**Given information**.

=-=-=-=-=

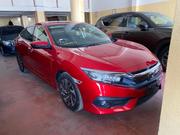 Honda Civic 2018 Red for sale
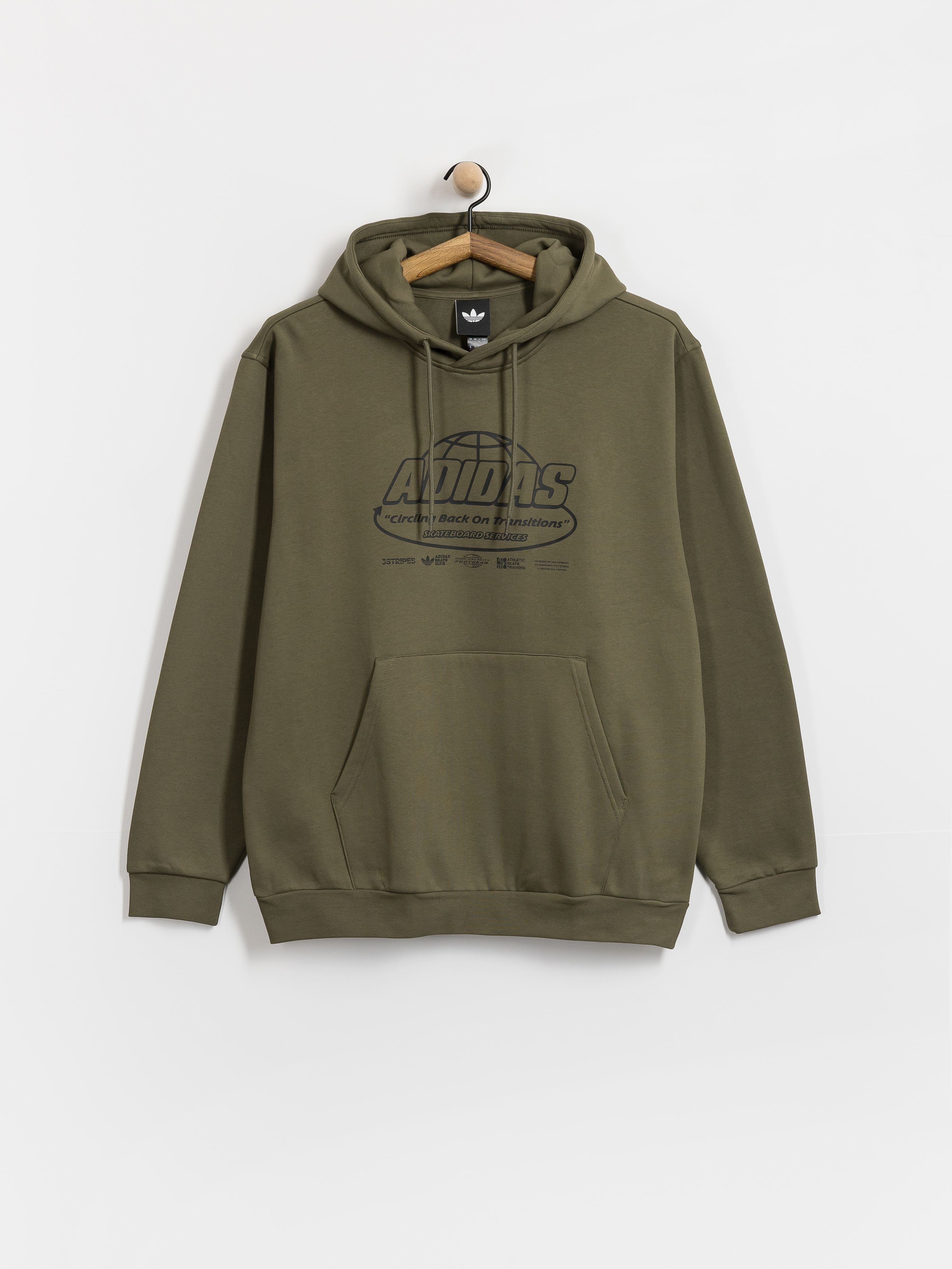adidas Skt Adi Cor HD Hoodie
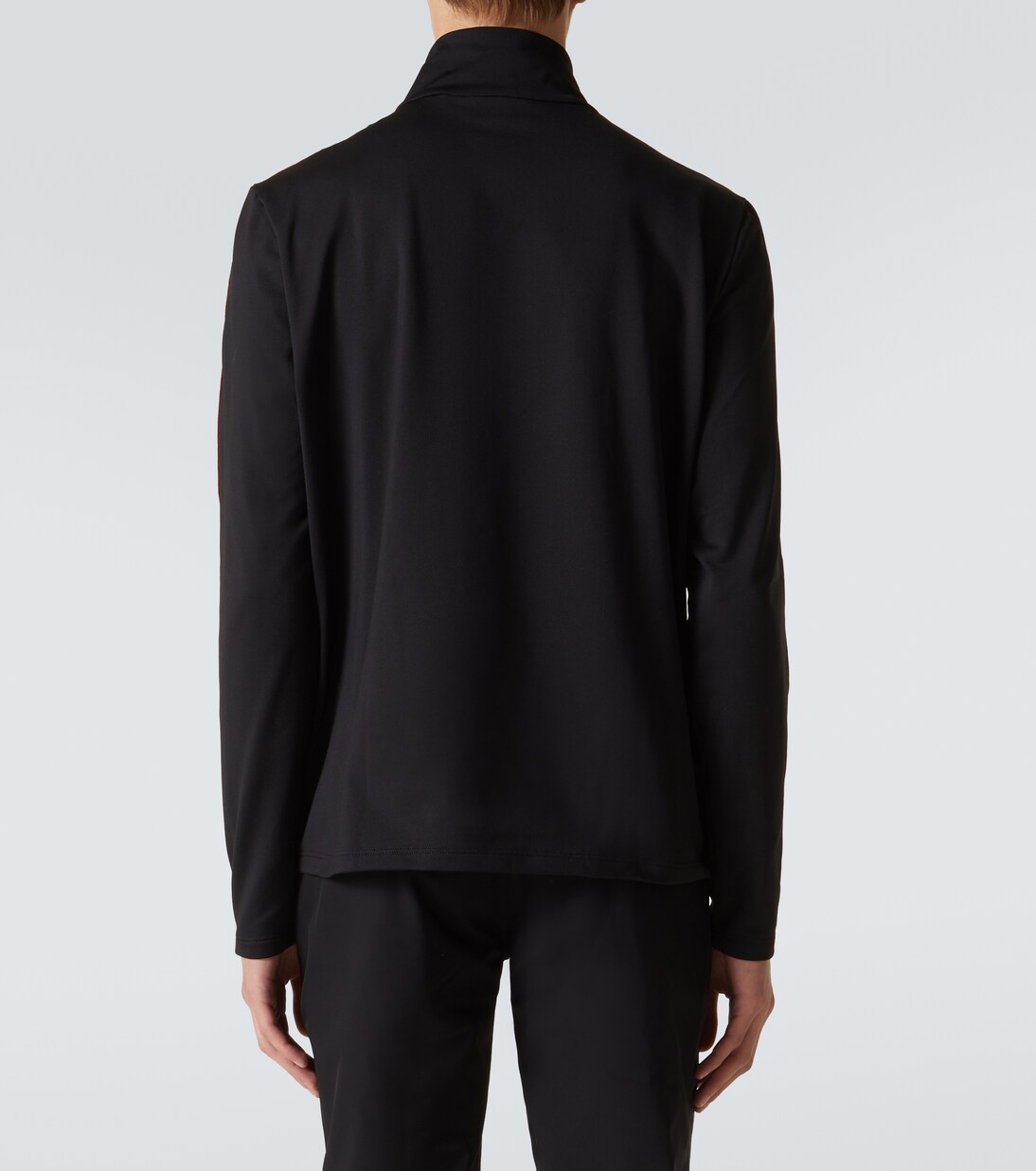 Mario III B half-zip ski top | Fusalp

=-=-=-=-=

**Try it**.
Minus its pictures, the full listing should be copied verbatim.

**Exercise result**.
 Honda Civic 2018 Red for sale
adidas Skt Adi Cor HD Hoodie
 Mario III B half-zip ski top | Fusalp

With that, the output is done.